I'm trying to display the source property name within the Google Analytics roll up property I have linked to bigquery. Issue is, is that when I try the below some of the metrics become hugely inflated. I'm guessing this is to do with repeated fields but not sure what to do about it.
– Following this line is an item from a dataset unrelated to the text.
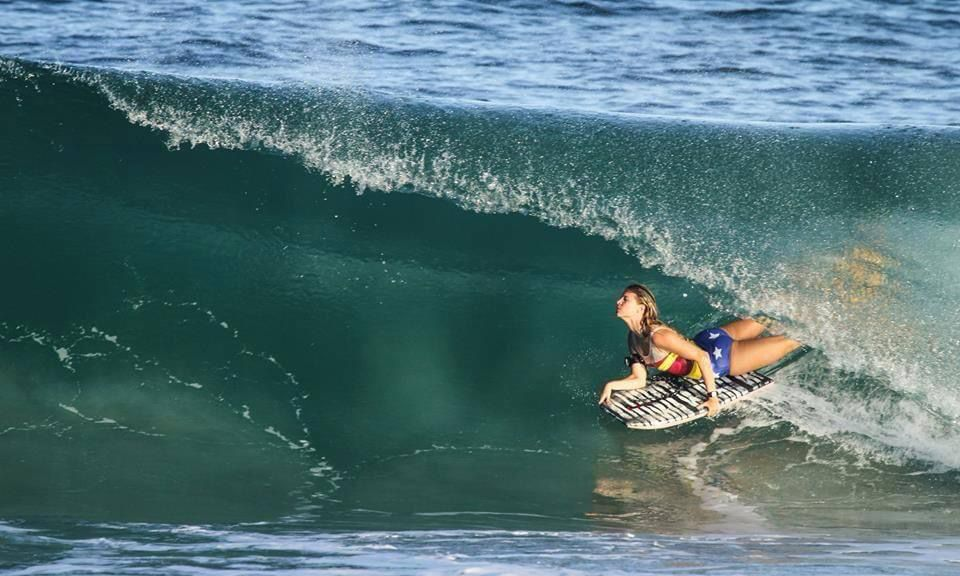 Nicolle Calheiros é uma das atrações do Estadual de Bodyboard no Rio de Janeiro.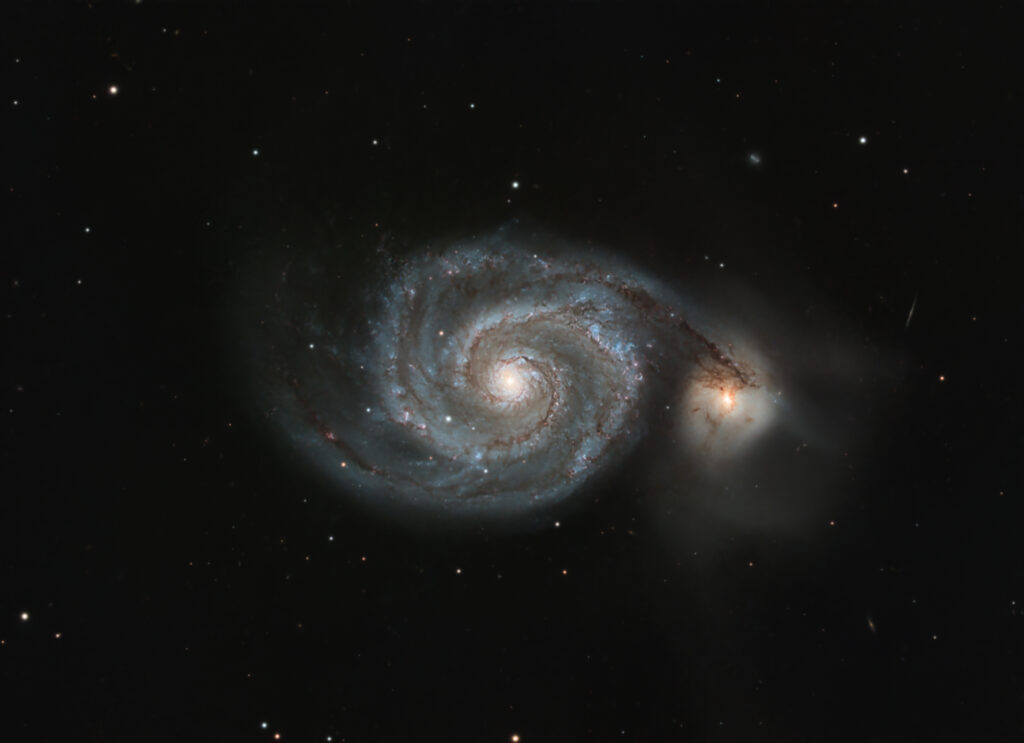 Astrofoto der Whirlpool-Galaxie M51 mit Spiralarmen, Staubbändern und der Begleitgalaxie NGC 5195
I've tried a number of workarounds like using "max" but this doesn't display every property name.
All metrics except users and visits seem to be inflated.
SELECT
date,
MAX(CASE
WHEN EXISTS( SELECT 1 FROM UNNEST(hits) hits WHERE REGEXP_CONTAINS(hits.sourcePropertyInfo.sourcePropertyTrackingId, r'82272640')) THEN 'MUG'
WHEN EXISTS (
SELECT
1
FROM
UNNEST(hits) hits
WHERE
hits.sourcePropertyInfo.sourcePropertyTrackingId = 'Social') THEN 'Social'ELSE 'Website' END) AS Property,
geoNetwork.country AS Country,
COUNT(DISTINCT CONCAT(cast(visitId AS STRING),fullVisitorId)) as visits,
sum(totals.visits) as visits2,
COUNT(DISTINCT(fullVisitorId)) AS Users,
h.sourcePropertyInfo.sourcePropertyDisplayName as display,
SUM((
SELECT
SUM(latencyTracking.pageLoadTime)
FROM
UNNEST(hits)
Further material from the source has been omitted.